● **Directions for this task**: Required from the data below: the exact lines starting at the line containing "0812 3357 7475, Kirim" and ending at the line containing "Pintaúñas Catrice Iconails", with both ends kept and all pictures dropped.

● **Data shown**:

BEGIN

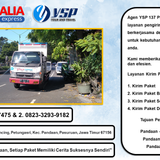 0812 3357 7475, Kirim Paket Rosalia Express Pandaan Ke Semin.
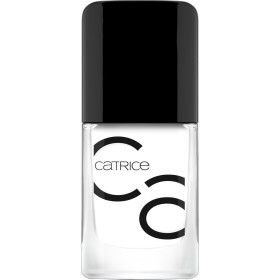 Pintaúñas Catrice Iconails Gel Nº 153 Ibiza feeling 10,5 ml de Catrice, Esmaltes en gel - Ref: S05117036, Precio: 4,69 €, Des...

END
BEGIN

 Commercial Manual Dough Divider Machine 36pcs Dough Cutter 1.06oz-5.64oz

END
BEGIN

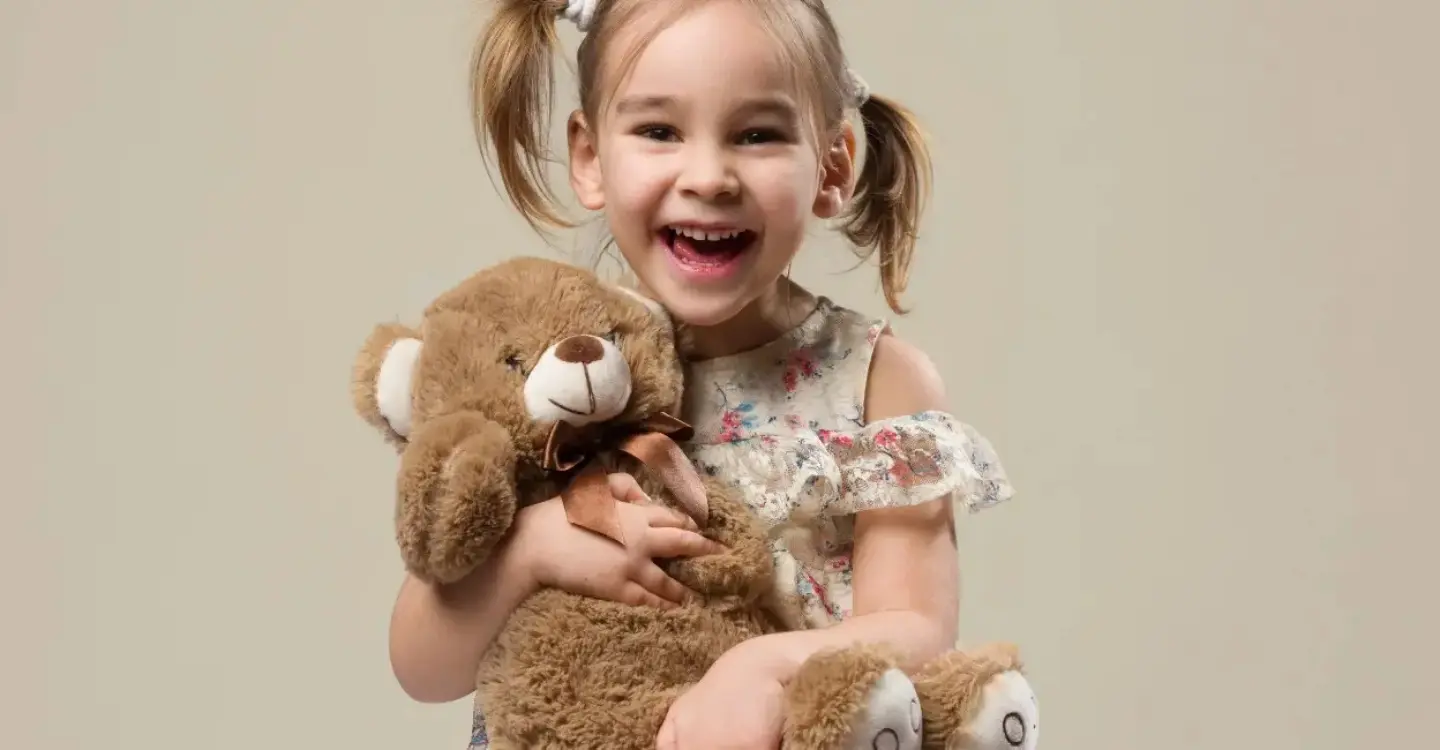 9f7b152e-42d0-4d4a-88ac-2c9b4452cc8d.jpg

END

● **Exercise answer**:
 0812 3357 7475, Kirim Paket Rosalia Express Pandaan Ke Semin.
 Pintaúñas Catrice Iconails Gel Nº 153 Ibiza feeling 10,5 ml de Catrice, Esmaltes en gel - Ref: S05117036, Precio: 4,69 €, Des...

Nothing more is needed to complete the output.